John M. Caldwell, PhD
First United Methodist Church
Decorah, Iowa
First United Methodist Church
Decorah, Iowa
Who
is God? Now there's
an ambitious question! Maybe I would have been better off to have
asked the question next week with everything packed, my car running,
ready to hotfoot it out of town before you had a chance to ask any
questions.
How
to begin...
I
can say that my earlier attempts to find an answer to that question
mostly involved what we in the "biz" call "doing
theology." Part of the reason for requiring a seminary education
for clergy is to train clergy as theologians, or at least to make a
beginning. We were subjected to various courses in theology that
broke it down into its parts: Christology, ecclesiology, soteriology,
eschatology, pneumatology, anthropology, and theology proper.
Theology also got smuggled into courses on Church history, which was
framed as a series of controversies, a series of heresies that were
battled and defeated (sometimes in literal battles). We learned the
general shape of what is acceptable and what is not in Christian
thought. We learned about current schools of theological thinking. We
found our favorite authors and stuck with them, defending them
against all comers.
My
mind and personality are suited to this sort of thing, so you can
imagine that I did it pretty well. I still do.
But
as comfortable and familiar as this path is to me, it has its limits.

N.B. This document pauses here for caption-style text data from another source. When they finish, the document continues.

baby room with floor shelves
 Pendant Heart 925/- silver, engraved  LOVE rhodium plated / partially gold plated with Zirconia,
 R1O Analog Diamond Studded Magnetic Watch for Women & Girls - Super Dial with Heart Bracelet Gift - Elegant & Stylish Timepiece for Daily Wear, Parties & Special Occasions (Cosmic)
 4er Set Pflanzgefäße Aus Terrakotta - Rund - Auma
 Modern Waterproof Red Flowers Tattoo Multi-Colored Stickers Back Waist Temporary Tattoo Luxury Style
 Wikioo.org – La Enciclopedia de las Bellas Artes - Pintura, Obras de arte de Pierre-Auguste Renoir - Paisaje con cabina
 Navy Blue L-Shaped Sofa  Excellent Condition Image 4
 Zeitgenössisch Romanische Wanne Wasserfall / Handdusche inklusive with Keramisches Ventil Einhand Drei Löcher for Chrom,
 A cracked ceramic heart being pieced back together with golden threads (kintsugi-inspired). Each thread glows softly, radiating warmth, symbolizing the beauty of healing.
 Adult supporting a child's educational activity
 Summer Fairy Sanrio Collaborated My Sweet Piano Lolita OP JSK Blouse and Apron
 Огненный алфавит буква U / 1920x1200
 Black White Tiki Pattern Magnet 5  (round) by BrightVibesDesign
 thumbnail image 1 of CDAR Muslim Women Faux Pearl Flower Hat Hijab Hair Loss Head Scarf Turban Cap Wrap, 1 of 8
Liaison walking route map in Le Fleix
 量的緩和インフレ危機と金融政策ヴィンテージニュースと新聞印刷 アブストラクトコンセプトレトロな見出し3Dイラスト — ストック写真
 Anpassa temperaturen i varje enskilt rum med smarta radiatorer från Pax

One of those limits is that doing theology is a matter of
abstraction. We might start with the Bible, or, more accurately a
small selection of texts from the Bible, and we make general
statements about them. We move from the specific to the general. And
this applies to the stuff of our lives as well as the stuff of the
Bible. Take Karl Barth, one of the more famous theologians of the
last century. You can read all thirty-one volumes of his Church
Dogmatics
and never discover what sort of a marriage he had or whether he liked
children.
Theology
may tell us about what
God is and what God is not, but surprisingly tells us little about
who
God is. Theology can satisfy us intellectually and still leave us
wanting something else.
So
I'm not sure I'm even qualified to ask the question. Moses
asked the question. He wanted to know God's name, something more than
"the God of your ancestors, Abraham, Isaac, and Jacob."
Moses
wants a name
to give to the Israelites. He knows they will ask. And I suspect he
knows why
they will ask. Names are like handles that can be used to gain power.
In some places in the world, no one's true name is ever uttered out
loud. Instead they goes by a nickname, sometimes obscene, always an
insult. In that way they are protected from spirits who would use the
knowledge of their name to do them harm. Even we, if we are in a
conversation in which someone knows our name, but we do not know
theirs, feel ourselves at a disadvantage, as if we have given someone
else power over us.
So
Moses asked, "What is your name?" And God replied,
"אֶֽהְיֶ֖ה
אֲשֶׁ֣ר אֶֽהְיֶ֑ה,"
which translates to "I am what I am" or "I am who I
am."
Traditionally,
philosophically-minded theologians have interpreted this as meaning
something like, "the One who has no source of existence beyond
itself," or "the One who is not dependent on anyone else,"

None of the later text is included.